:: Assigned task ::
When you reach the line that contains "Emerald Cut Dark Pink and White Sapphires" below, transcribe it and each line after it word for word to the end of the records, omitting pictures.

:: Records shown ::

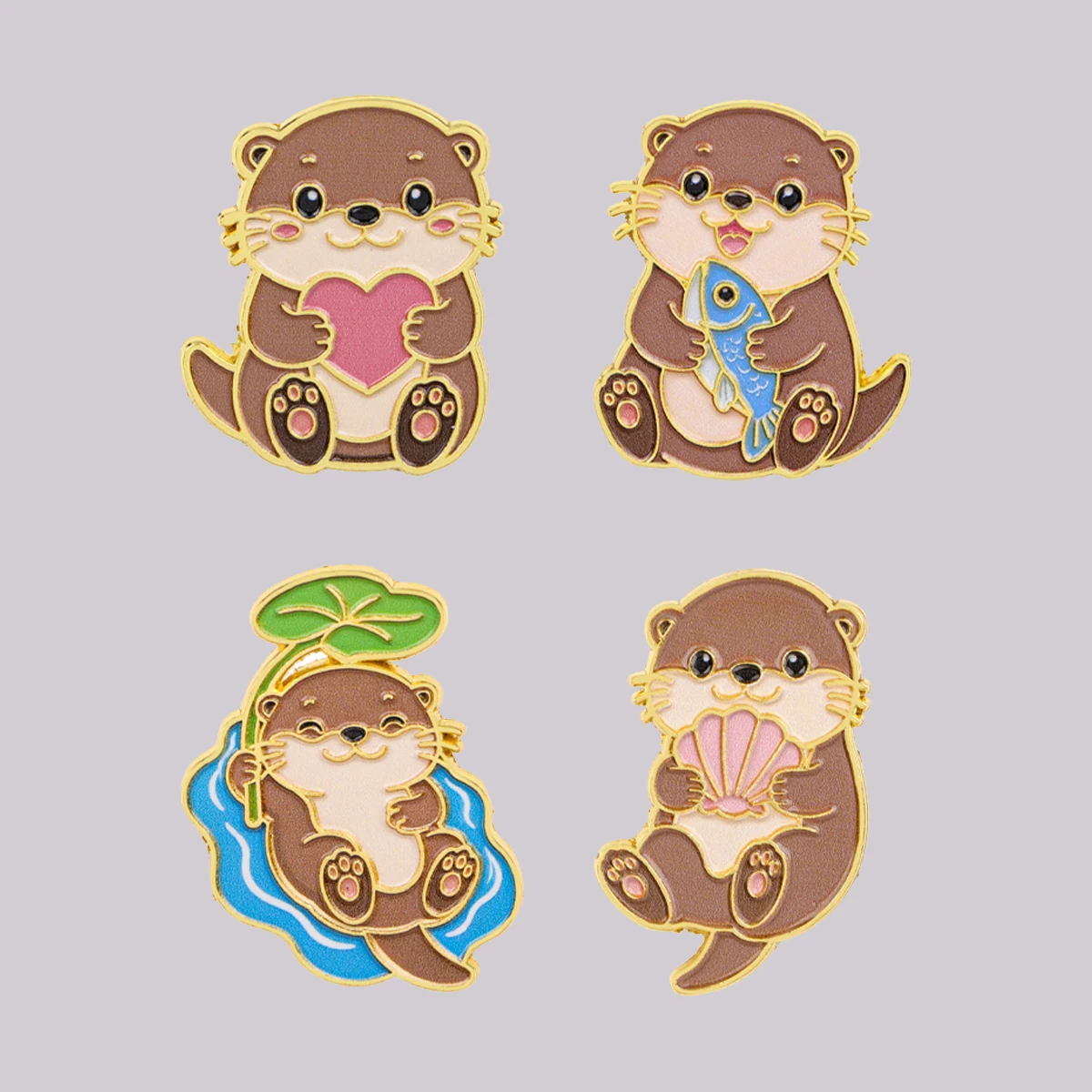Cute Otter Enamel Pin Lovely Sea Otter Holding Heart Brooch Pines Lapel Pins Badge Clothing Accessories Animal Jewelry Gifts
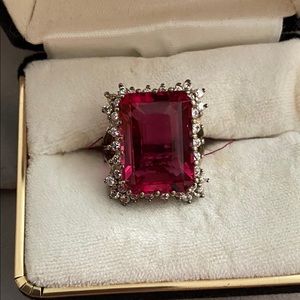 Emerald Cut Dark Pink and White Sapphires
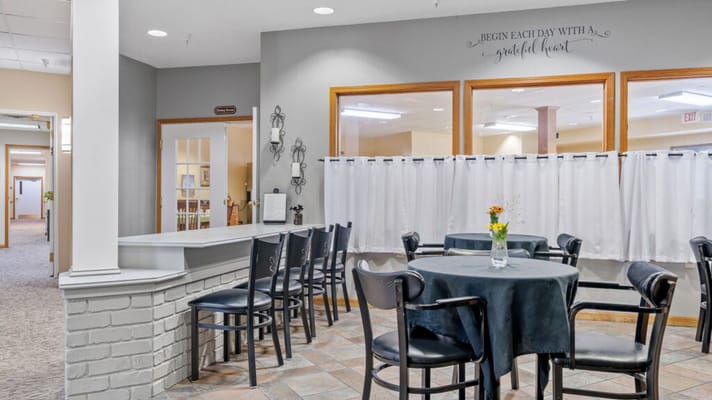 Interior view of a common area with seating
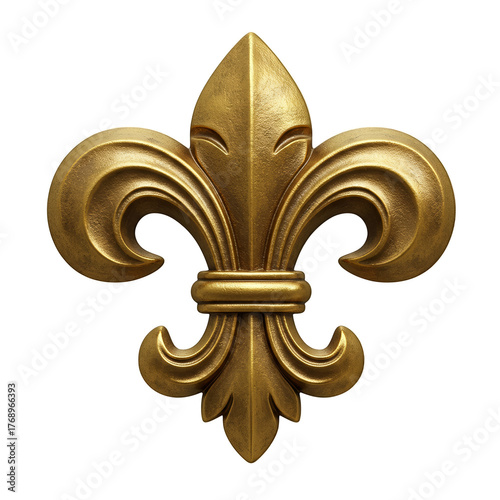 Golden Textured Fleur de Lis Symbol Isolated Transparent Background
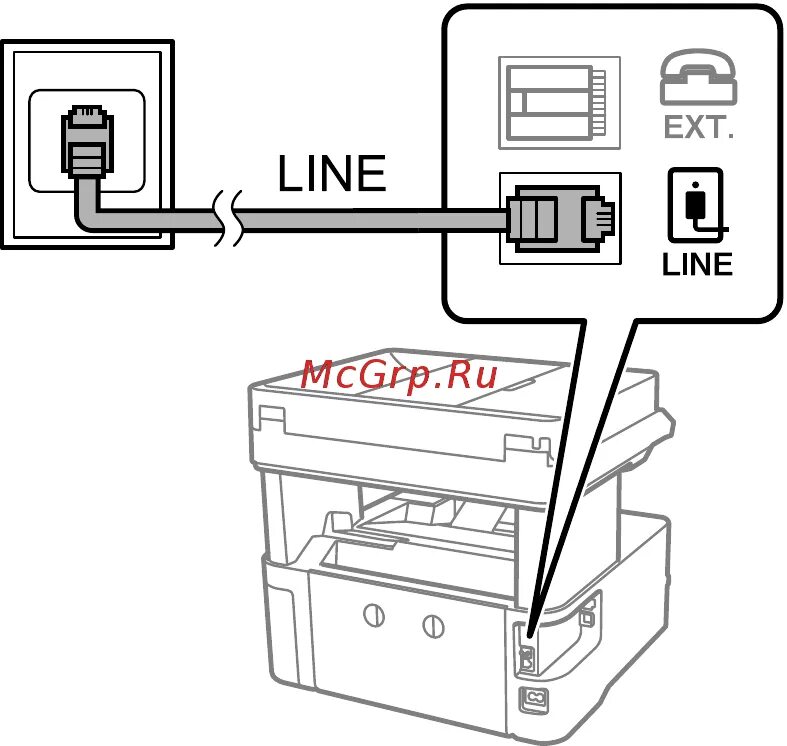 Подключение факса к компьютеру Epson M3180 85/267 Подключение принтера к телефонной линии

:: The answer ::
 Emerald Cut Dark Pink and White Sapphires
 Interior view of a common area with seating
 Golden Textured Fleur de Lis Symbol Isolated Transparent Background
 Подключение факса к компьютеру Epson M3180 85/267 Подключение принтера к телефонной линии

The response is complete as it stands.